The bull case for Vaultspeed comes down to a simple question: do you want your data products to be model-driven or code-driven?

A model-driven approach offers standardization and automation that saves your team headaches. It allows you to create, edit, and rework data products with ease. Any necessary changes to the data model are added on top, without any added complexity. Here is a more in depth explanation of the process, but at a high-level, the model is adaptable, allowing you to add new business requirements without reworking the entire model. That’s the beauty of Data Vault - it makes your model modular and then Vaultspeed takes that modular model and makes it easier to work with and scale. Vaultspeed reduces the complexity of creating and managing a scalable data vault model by offering a visual graphical user experience instead of a code-heavy one. The best part is that through their templating automations, they keep your model in sync with your transformation code.

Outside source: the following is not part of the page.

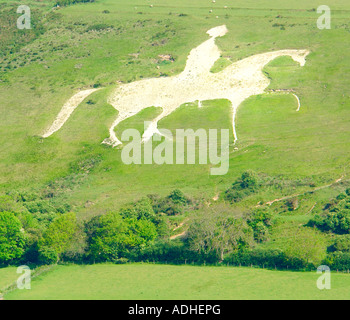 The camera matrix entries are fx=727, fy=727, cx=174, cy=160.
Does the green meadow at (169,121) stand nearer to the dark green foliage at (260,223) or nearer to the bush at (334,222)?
the dark green foliage at (260,223)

Take one of our largest customers - Nationale Nederlanden, an insurance & insurance - developed over 15000 mappings in Vaultspeed with only a 6-person team. This took them about 6 months, compared to the 2-3 years it might have taken them if they did it through a code-first approach. And most importantly, now new data product requests are completed in less than 1 month, instead of the 3 months prior with their old approach. Some context: National Nederlanden used Vaultspeed to integrate 17 source systems (590 source tables), migrate their old Oracle DWH to Databricks Lakehouse, and create & maintain 1,452 objects in the Data Vault model.This is a great example of how Vaultspeed accelerates the modeling process and the data product development process.